Hiroki

オペレーション・フォーチュンのHirokiのレビュー・感想・評価

3.7
最近謎にやる気を出しているガイ・リッチーの最新作。
北米のタイムラインだと『アラジン』2019/5→『ジェントルメン』2020/1→『キャッシュトラック』2021/5→『オペレーション・フォーチュン』2023/3とほぼ4年で4本。
しかもガイ・リッチーは自分で脚本も書く系(共同が多いけど)の監督なので脚本にも全て関わっているし、なんなら製作にも2作品は入っている。
さらに恐ろしいのはこの後ジェイク・ギレンホール主演『コヴェナント/約束の救出』が2024/4公開(北米以外はアマプラ配信予定)、2024年中にヘンリー・カヴィル主演『The Ministry Of Ungentlemanly Warfare』も公開(こちらも北米以外はアマプラ配信予定)。
さらにさらにTBAにアラジンの続編『Aladdin 2』とディズニーアニメ『ヘラクレス』の実写リメイク『Hercules』の2作品がある。
もー引退するのかというくらいの詰め込み具合。

『アラジン』後は『ジェントルマン』『キャッシュトラック』そして今作と原点回帰のような作風になっているガイ・リッチー。
来年の2作品も基本はスパイアクションモノみたいなので、ディズニー実写で一般層を狙い、それ以外は自分のやりたい(得意分野の)スパイアクションモノでニッチ層を狙うという感じなんですかね。
さすが戦略家。

上記の通りなので興収的にはイマイチ。
それにしても全世界で約0.5億ドル(約71億円)北米ではわずか650万ドル(約9億円)にしかみたない。
製作費が0.5億ドルみたいなのでBox OfficeBomb。
これガイ・リッチー人気の高い本国イギリスではアマプラ配信で映画館にかかってないのもあるみたい。
なので配信の利益でまた変わるかもしれないが。
それにしてもガイ・リッチー×ジェイソン・ステイサムで北米650万ドルはさすがに...
ちなみに最も興収が高いのはロシアの約0.1億ドル(約14億円)。敵の組織がウクライナだからなのか...

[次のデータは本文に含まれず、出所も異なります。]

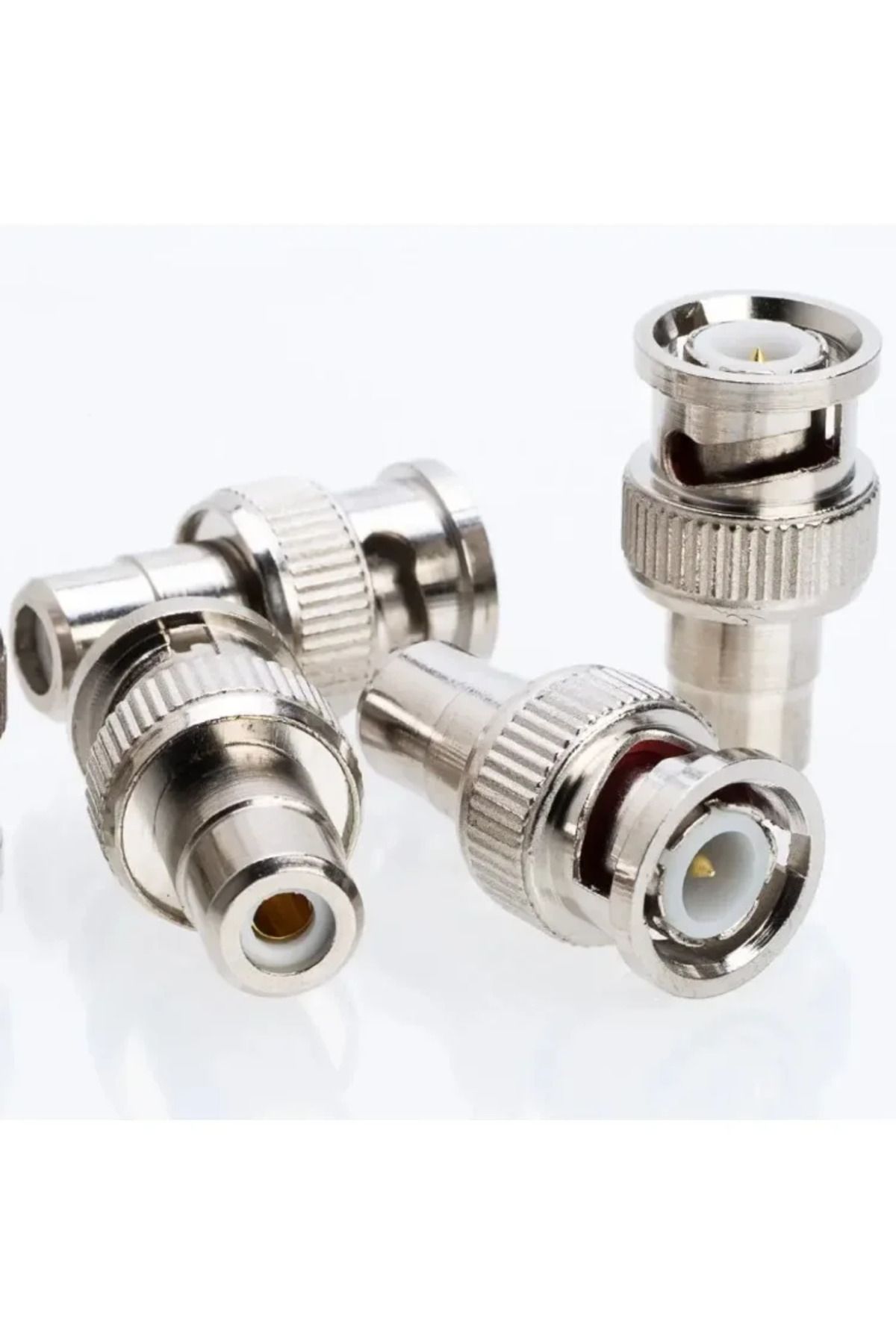 PEGATAH-10 قطع 10 قطع 2 قطعة Jr-b9 موصل BNC إلى RCA موصل BNC صغير وقصير لنظام CCTV AHD 7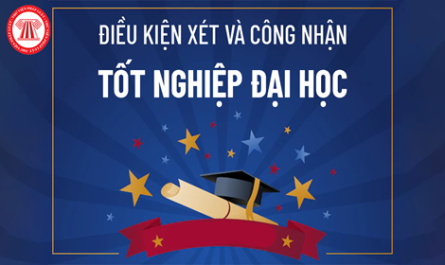 điều kiện nhận bằng đại học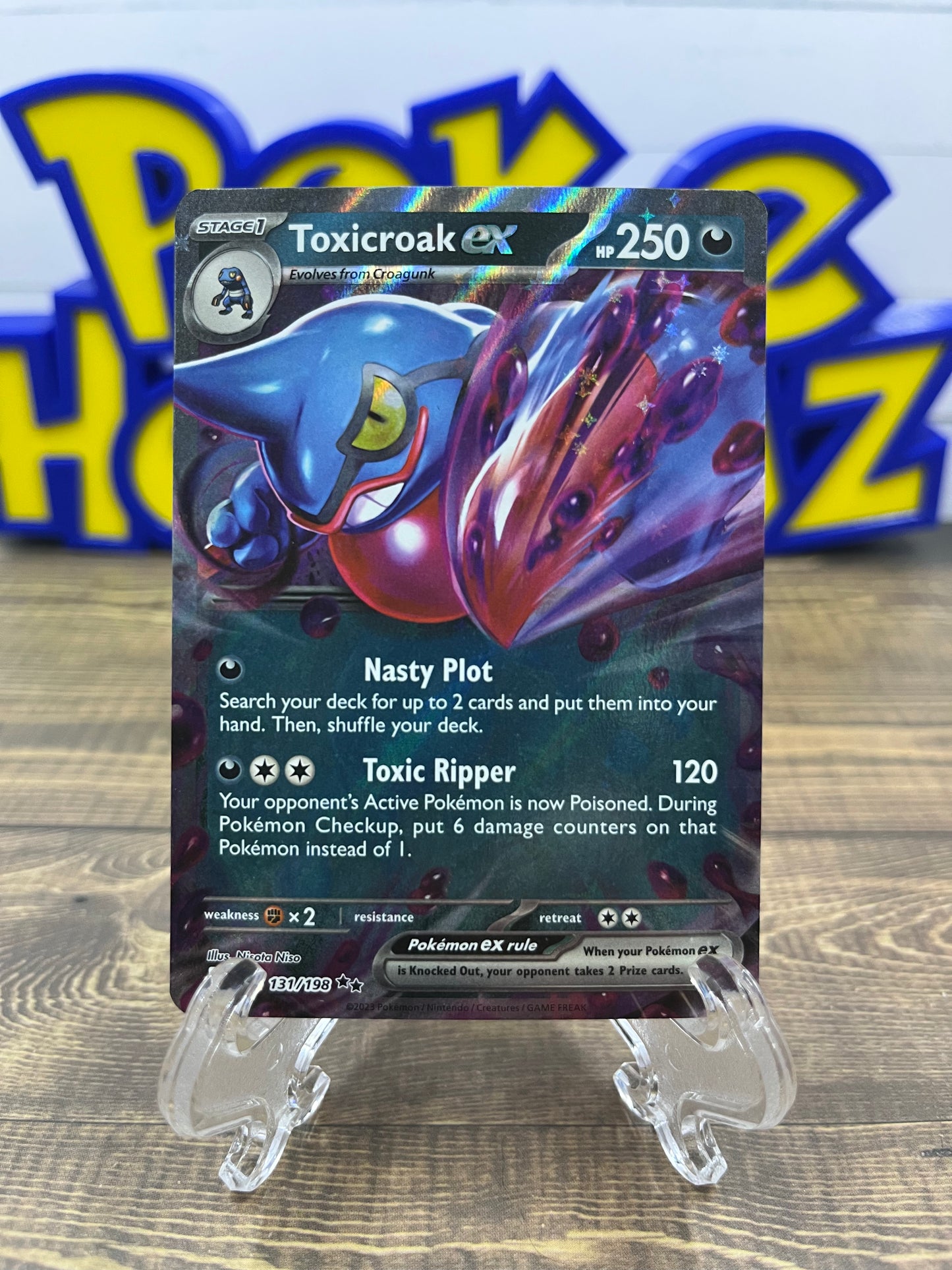 Toxicroak EX - 131/198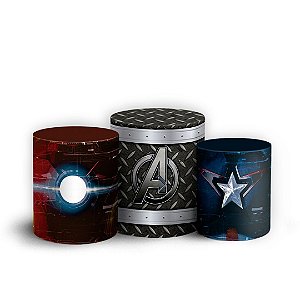 Trio Cilindro - Herois - Sublimado 3D + Elástico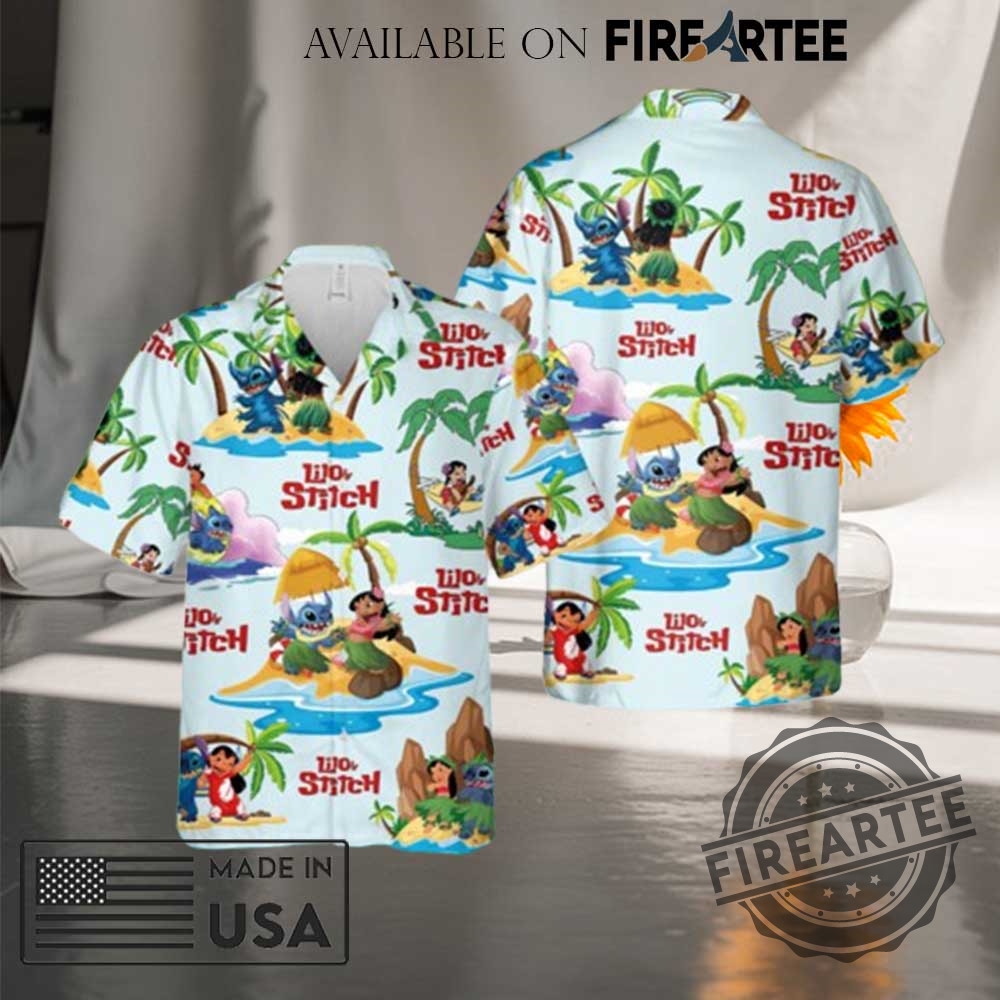 "Top Pop Culture Hawaiian Shirts and Exclusive Wu-Tang Tour Tees" 3 Lilo And Stitch Palm Tree Party Hawaiian Shirt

ということで本編ですが、最近目立っていた初期ガイ・リッチー特有の凝ったおしゃれ演出は控えめで、ブラックコメディが強調された王道のスパイ・アクションモノという感じ。
過去作でいうと『コードネーム U.N.C.L.E.』的なイメージ。
こちらも王道スパイ・アクションといえばの世界中を飛び回って各地の美しいロケーションを見せる演出も多数あり。
特にトルコは美しかった。

まー全体を通して悪くないのだけどなんというか華がない。
数多あるスパイ・アクション大作と比べてしまうとアクションの規模も小さいし、キャストを含めたゴージャスさも物足りない。
これポストクレジットでジョシュ・ハーネット演じるムービースターのダニーが撮影中に「爆発がショボい!VFX!」みたいに叫ぶシーンがあって、近年のアクションを揶揄している感じもあるけど。
まーでもこのタイプの映画はやっぱりそこを観に行くのでねー。
しかもじゃあ脚本に捻りがあるかと言えばそれも今ひとつ。
仲間の裏切りとか何か終盤で大きな仕掛けがあればそこで楽しめたのかもしれないが、そこはストレートに終わっていってしまった。

キャストもステイサムとガイ・リッチー作品常連のヒュー・グラントはさすが!
さらにコメディリリーフ的な立ち位置のジョシュ・ハートネットが良いスパイスになっている。
ただそれ以外が...
特に途中ずっと邪魔をしてくるモブから最後ラスボスになるマイク役のピーター・フェルディナンドとヒロイン的な役回りのオーブリー・プラザがいまいち。
ここにもうワンランク上のキャスティングができていれば全体の印象も変わったかも。
なんかでもこの華のないキャストは続編をやるための感じもする。
上記の『コードネーム U.N.C.L.E.』含めキャストを豪華にするとどーしても続編やるのが難しくなるので。ただ(『コードネーム U.N.C.L.E.』はアーミー・ハマーの問題が大きいと思うが。)
しかしこの興収的にどーなのだろうか?
続編やっても余程の事をしないと大ハネはないような...

まーでも結局ガイ・リッチーファンはもっとバッチバチに決めた映像が観たいし、ステイサムファンはアホみたいに相手を倒しまくる姿が観たいような気がするけど。